2. Sequence specificity to target loci is only 14 nt long (12 nt of sgRNA and 2nt of the PAM), which can recur around 11 times in a human genome. Repression is inversely correlated with the distance of the target site from the transcription start site. Genome-wide computational predictions or selection of Cas9 homologs with a longer PAM may reduce nonspecific targeting.
3. Endogenous chromatin states and modifications may prevent the sequence-specific binding of the dCas9-sgRNA complex. The level of transcriptional repression in mammalian cells varies between genes. Much work is needed to understand the role of local DNA conformation and chromatin in relation to binding and regulatory efficiency.

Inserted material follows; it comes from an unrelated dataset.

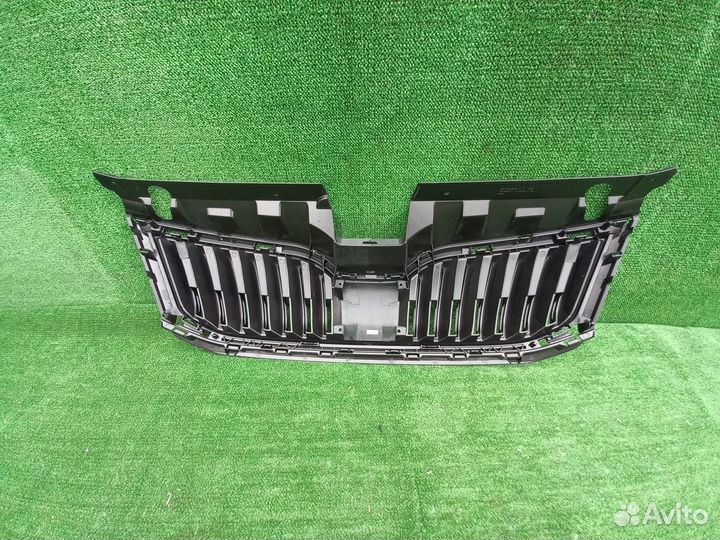 Решетка радиатора skoda octavia a7 без хрома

4. CRISPRi can influence genes that are in close proximity to the target gene. This is especially important when targeting genes that either overlap other genes (sense or antisense overlapping) or are driven by a bidirectional promoter.
5. Sequence-specific toxicity has been reported in eukaryotes, with some sequences in the PAM-proximal region causing a large fitness burden. This phenomenon, called the "bad seed effect", is still unexplained but can be reduced by optimizing the expression level of dCas9.